Crawled caption data:
——

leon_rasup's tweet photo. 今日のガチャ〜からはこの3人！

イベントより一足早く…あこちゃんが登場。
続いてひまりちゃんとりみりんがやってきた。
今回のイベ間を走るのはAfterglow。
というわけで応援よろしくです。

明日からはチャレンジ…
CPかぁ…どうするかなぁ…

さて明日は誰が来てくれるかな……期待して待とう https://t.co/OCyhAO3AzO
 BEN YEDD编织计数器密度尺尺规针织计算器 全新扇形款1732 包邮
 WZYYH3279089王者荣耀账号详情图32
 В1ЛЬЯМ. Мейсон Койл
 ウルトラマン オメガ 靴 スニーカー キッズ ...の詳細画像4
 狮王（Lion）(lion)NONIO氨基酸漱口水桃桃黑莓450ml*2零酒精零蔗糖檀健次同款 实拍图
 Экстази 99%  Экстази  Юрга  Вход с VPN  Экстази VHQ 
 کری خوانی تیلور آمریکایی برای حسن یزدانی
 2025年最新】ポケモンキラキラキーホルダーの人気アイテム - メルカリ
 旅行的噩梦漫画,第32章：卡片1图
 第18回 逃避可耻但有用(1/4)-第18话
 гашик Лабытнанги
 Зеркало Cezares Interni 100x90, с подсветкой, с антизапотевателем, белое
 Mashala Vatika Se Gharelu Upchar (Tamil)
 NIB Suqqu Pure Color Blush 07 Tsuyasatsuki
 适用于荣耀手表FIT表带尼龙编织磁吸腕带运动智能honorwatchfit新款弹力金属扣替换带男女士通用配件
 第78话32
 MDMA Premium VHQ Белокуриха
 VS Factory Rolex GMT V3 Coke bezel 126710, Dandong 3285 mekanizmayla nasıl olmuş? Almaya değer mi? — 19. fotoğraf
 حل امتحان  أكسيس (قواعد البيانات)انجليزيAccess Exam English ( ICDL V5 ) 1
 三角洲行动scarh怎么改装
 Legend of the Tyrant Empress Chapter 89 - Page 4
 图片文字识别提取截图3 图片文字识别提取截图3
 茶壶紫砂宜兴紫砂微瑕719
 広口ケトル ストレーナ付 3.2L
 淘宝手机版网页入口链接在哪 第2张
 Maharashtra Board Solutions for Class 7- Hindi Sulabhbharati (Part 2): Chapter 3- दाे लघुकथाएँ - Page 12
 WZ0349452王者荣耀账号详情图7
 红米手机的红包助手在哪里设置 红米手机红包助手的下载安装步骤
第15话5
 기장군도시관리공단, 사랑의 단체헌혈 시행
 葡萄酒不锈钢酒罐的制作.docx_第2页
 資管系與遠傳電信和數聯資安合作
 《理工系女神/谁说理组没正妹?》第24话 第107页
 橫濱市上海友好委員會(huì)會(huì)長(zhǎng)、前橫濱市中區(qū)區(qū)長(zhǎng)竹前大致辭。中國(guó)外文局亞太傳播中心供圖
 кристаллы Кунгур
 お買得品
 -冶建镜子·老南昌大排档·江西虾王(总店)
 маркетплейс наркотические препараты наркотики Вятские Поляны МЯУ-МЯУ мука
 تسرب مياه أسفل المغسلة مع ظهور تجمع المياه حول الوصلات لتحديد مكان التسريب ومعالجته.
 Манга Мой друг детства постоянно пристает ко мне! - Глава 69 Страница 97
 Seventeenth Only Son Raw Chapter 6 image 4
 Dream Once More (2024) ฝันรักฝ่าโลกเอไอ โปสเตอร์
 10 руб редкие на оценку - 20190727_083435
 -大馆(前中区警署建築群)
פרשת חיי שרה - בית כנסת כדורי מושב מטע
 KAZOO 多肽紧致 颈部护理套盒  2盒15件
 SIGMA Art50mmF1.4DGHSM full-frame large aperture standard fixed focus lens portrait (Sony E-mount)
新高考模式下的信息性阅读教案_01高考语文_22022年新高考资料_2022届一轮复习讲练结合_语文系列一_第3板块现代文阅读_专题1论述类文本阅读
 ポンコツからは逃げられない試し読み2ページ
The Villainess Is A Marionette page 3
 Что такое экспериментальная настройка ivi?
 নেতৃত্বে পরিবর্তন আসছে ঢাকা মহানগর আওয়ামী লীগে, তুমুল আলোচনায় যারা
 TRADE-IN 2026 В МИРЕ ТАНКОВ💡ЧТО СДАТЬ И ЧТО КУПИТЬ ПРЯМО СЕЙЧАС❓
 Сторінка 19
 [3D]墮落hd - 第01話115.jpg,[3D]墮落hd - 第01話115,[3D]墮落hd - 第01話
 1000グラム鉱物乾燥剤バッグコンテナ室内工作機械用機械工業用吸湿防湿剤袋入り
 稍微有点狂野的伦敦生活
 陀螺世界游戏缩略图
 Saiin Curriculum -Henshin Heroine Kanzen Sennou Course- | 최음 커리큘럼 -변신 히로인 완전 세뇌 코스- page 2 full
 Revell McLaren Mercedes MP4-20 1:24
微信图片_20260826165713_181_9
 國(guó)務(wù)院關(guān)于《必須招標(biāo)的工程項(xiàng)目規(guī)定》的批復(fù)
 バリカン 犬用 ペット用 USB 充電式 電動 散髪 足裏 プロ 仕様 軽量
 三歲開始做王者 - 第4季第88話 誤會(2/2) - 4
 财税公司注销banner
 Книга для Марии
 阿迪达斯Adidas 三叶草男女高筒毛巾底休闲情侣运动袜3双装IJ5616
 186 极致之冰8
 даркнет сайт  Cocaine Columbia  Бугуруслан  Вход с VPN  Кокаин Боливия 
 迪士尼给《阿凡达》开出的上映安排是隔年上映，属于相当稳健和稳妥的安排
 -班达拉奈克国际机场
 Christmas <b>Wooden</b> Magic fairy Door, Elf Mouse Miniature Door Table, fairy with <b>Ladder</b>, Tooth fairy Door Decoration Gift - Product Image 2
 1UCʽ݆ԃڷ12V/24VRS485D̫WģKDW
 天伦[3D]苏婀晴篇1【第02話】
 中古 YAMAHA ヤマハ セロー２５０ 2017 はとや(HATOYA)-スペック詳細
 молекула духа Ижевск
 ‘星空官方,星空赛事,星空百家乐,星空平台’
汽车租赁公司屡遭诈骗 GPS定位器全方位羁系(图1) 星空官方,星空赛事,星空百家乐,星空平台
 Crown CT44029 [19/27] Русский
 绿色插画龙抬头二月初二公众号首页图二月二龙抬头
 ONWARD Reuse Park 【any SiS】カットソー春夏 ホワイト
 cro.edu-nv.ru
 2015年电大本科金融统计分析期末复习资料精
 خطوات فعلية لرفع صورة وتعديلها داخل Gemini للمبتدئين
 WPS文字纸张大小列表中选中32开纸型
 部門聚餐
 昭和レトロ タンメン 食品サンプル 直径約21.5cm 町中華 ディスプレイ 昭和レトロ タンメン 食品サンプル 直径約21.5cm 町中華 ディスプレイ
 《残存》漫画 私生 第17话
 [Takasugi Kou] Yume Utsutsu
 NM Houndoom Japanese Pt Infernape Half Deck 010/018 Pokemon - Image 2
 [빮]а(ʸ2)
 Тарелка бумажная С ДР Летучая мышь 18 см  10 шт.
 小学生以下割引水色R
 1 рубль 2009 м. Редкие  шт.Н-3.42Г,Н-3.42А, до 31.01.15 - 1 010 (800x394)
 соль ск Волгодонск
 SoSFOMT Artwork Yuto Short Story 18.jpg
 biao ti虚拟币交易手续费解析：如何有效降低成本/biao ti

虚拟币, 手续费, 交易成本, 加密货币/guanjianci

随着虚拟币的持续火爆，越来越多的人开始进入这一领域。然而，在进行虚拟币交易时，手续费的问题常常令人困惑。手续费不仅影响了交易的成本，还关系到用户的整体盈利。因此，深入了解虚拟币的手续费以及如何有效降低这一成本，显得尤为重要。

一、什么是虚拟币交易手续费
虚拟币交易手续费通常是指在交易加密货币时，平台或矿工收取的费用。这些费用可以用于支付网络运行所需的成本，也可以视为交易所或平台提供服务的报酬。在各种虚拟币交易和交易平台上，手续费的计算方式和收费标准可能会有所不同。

——

Task prompt => Would you print, exactly as written, every line above from the one holding "WPS文字纸张大小列表中选中32开纸型" through the one holding "Тарелка бумажная С", with both included and no other lines?

Response to the exercise =>
 WPS文字纸张大小列表中选中32开纸型
 部門聚餐
 昭和レトロ タンメン 食品サンプル 直径約21.5cm 町中華 ディスプレイ 昭和レトロ タンメン 食品サンプル 直径約21.5cm 町中華 ディスプレイ
 《残存》漫画 私生 第17话
 [Takasugi Kou] Yume Utsutsu
 NM Houndoom Japanese Pt Infernape Half Deck 010/018 Pokemon - Image 2
 [빮]а(ʸ2)
 Тарелка бумажная С ДР Летучая мышь 18 см  10 шт.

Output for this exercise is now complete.